• **Assigned task**
Print only the lines from the one with "Collection of green" through the end of the data, exactly, and please omit pictures.

___ Dataset records ___

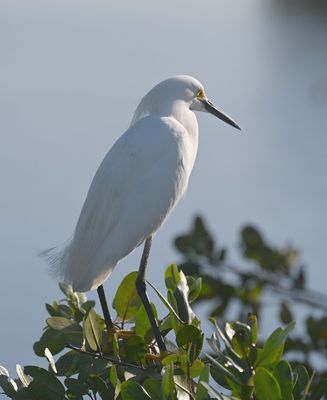 Snowy Egret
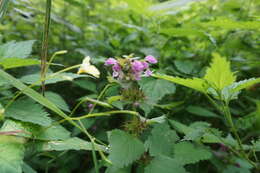 Image of spotted dead-nettle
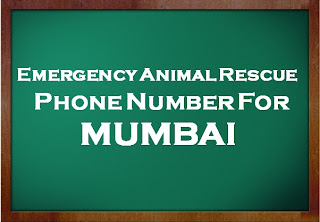 Animal Rescue Number Mumbai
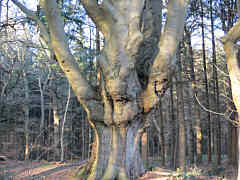 Buche auf Harpel, Foto: Klaus Lübken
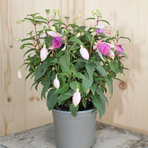 fuchsia-cultivars-diva-white-and-violet-12er-3503.jpg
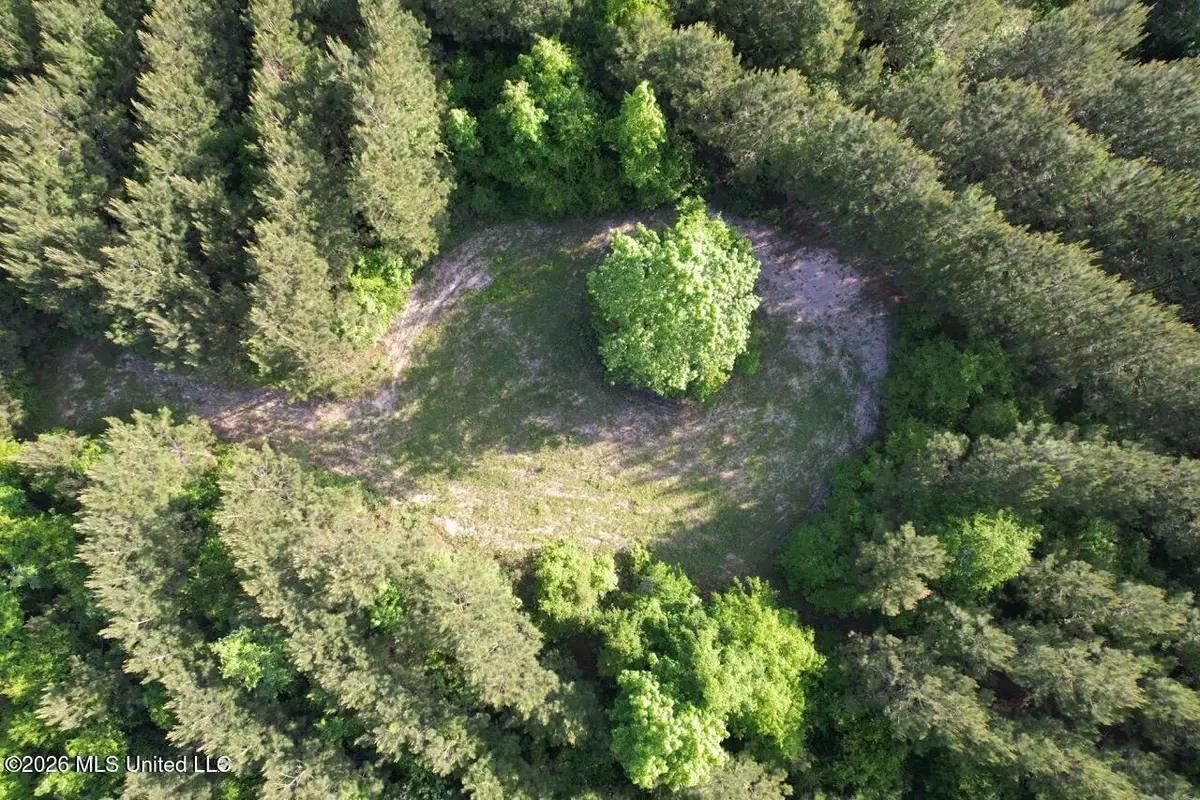 2354 Willie Redden Road, Greensburg, LA 70441 - #1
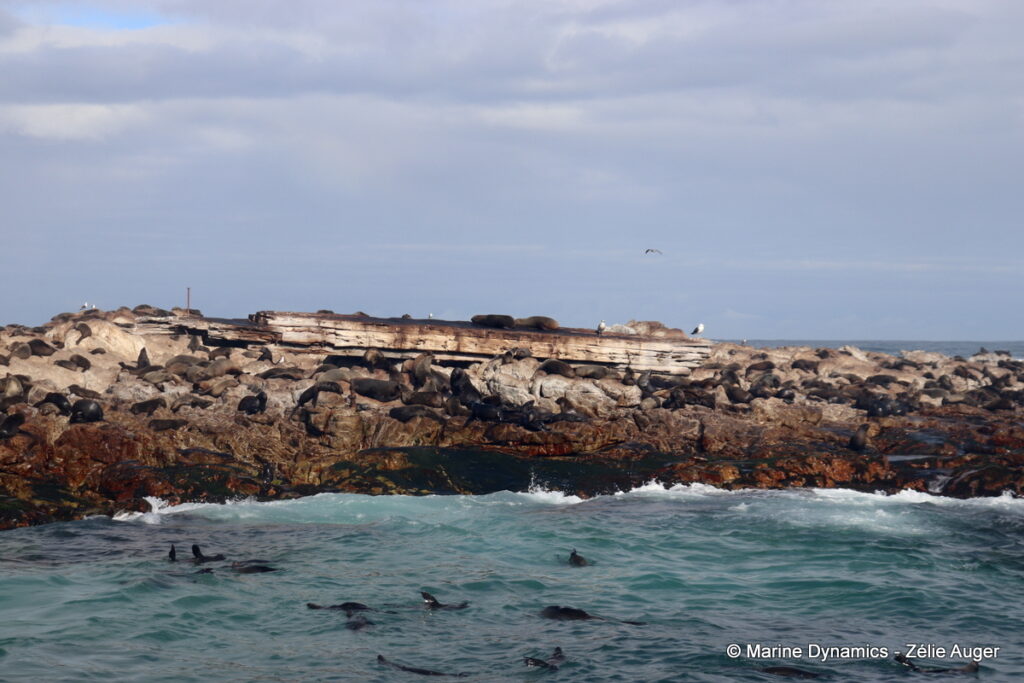 Shark cage diving, South Africa, Gansbaai
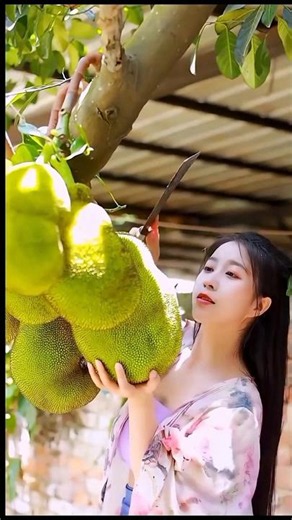 Harvesting Exotic & Fresh Fruits directly from the Orchard! 🍎🍊 #shorts #fruit #yummy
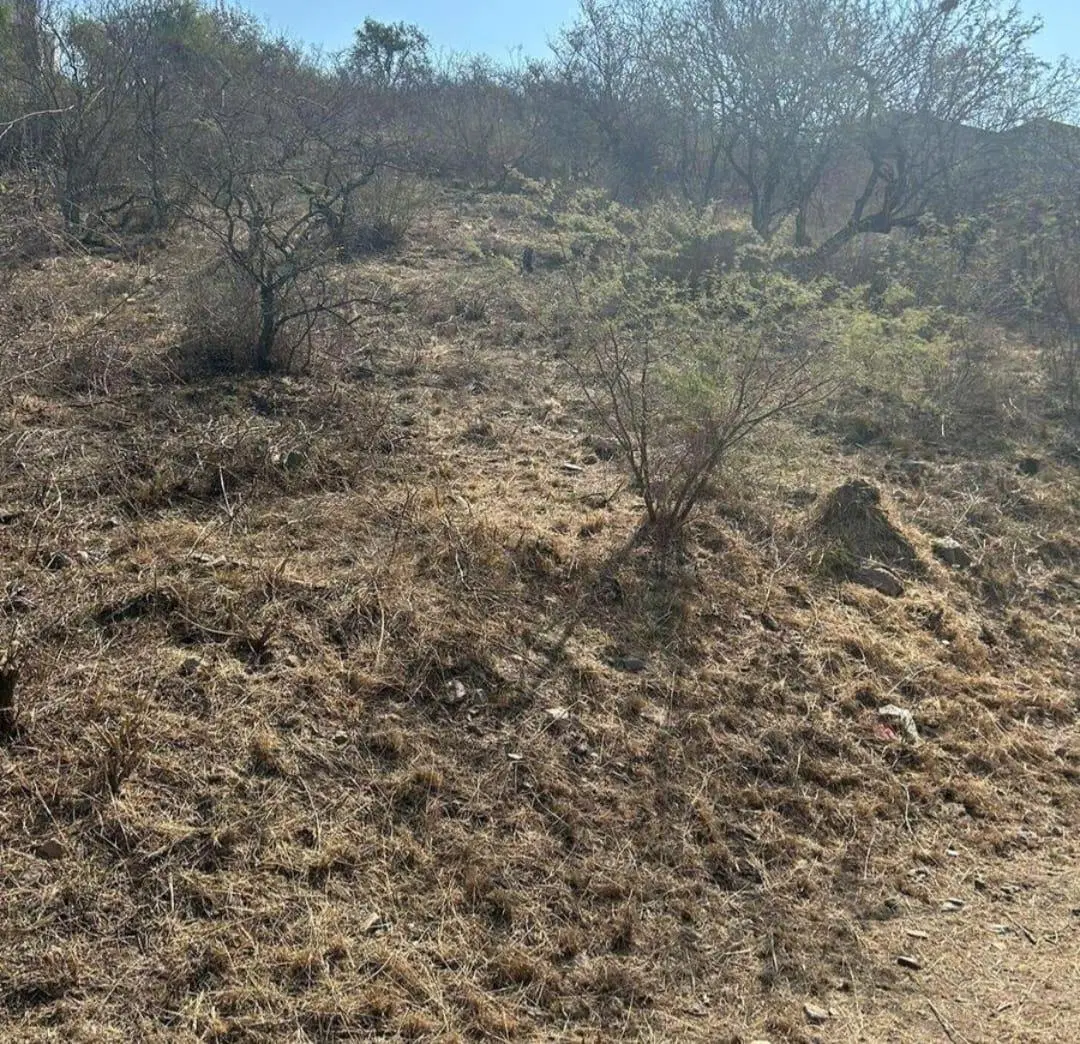 Terreno en La deseada 6
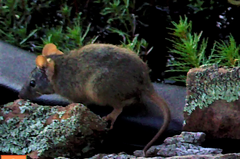 Antechinus flavipes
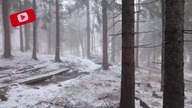 Survival: dobór miejsca pod bytowanie - zima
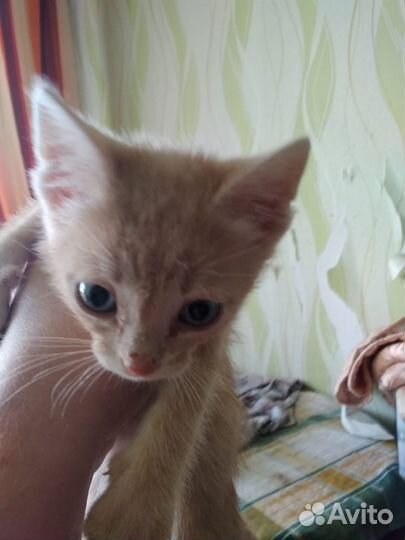 Котята с доставкой
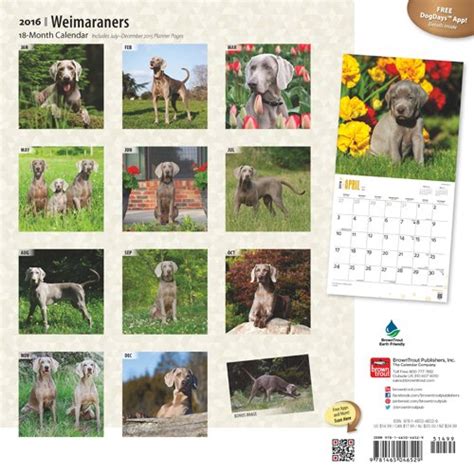 weimaraners intl 2016 square 12x12 Reader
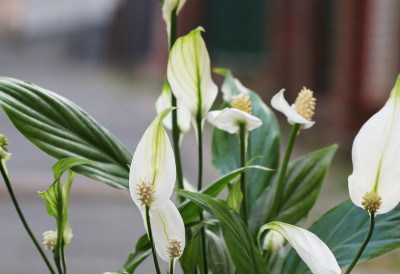 СПАТИФИЛУМ МЕЊА ЕНЕРГИЈУ ПРОСТОРА "Женска срећа" у ваш дом ПРИВЛАЧИ БЛАГОСТАЊЕ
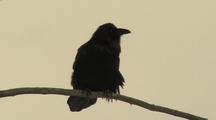 Raven (Common Raven, Corvus Corax) Sits On Branch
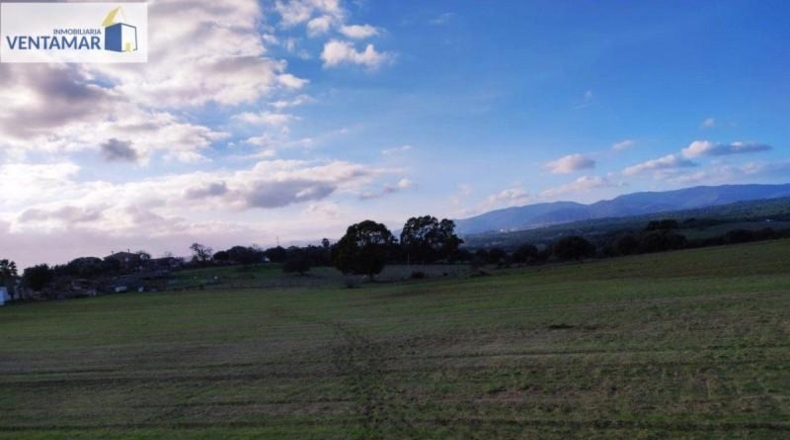 Cádiz - San Roque - 65000m2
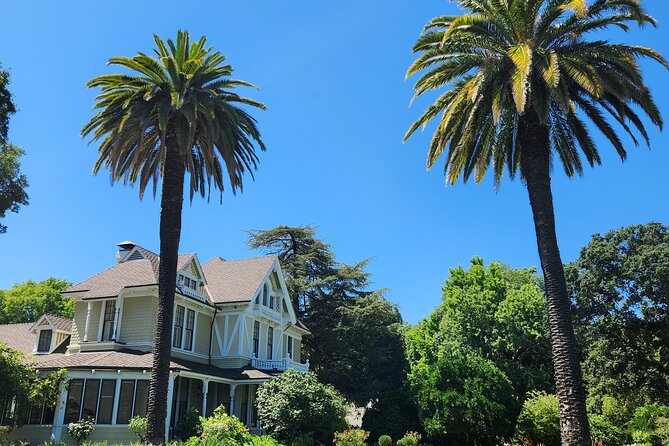 Small Group Napa and Sonoma Half-Day Wine Tour from San Francisco - The return to San Francisco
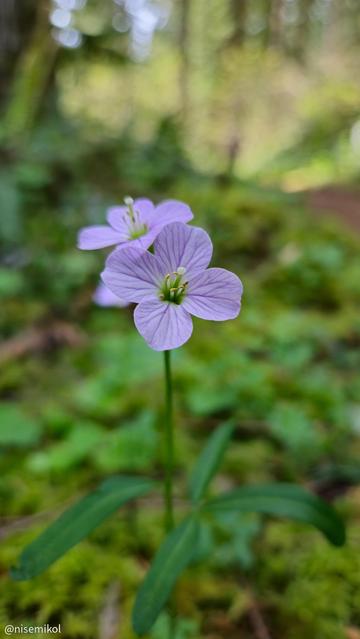 Purple wildflower with four petals and prominent green stamens, surrounded by green leaves. Soft-focus background of lush greenery in a forest setting.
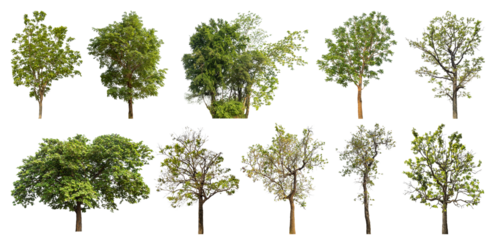 Collection of green trees isolated on transparent background. for easy selection of designs.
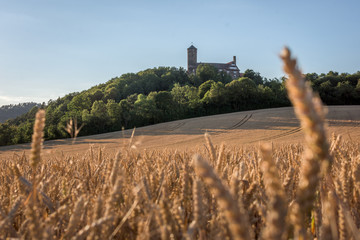 Burg Ludwigstein im Sommer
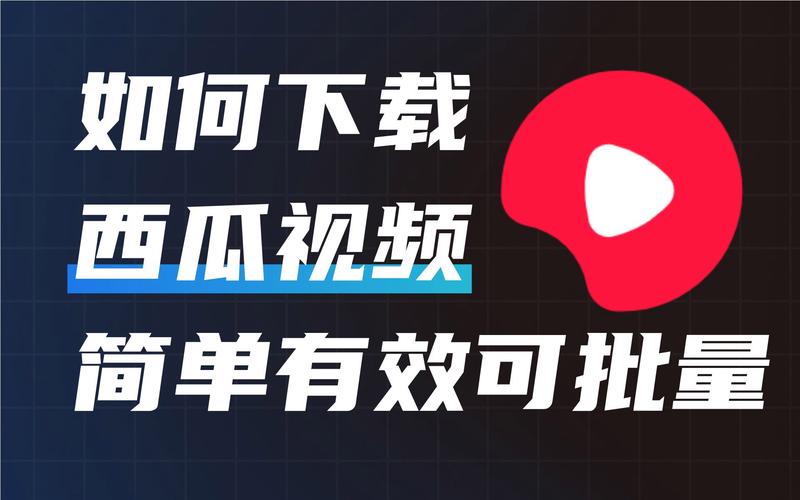 西瓜秀场app官方版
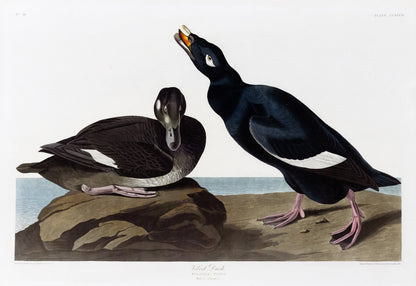 John James Audubon (1785-1851), Plate CCXLVII Velvet Duck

___

• **Problem solution**
 Collection of green trees isolated on transparent background. for easy selection of designs.
 Burg Ludwigstein im Sommer
 西瓜秀场app官方版
 John James Audubon (1785-1851), Plate CCXLVII Velvet Duck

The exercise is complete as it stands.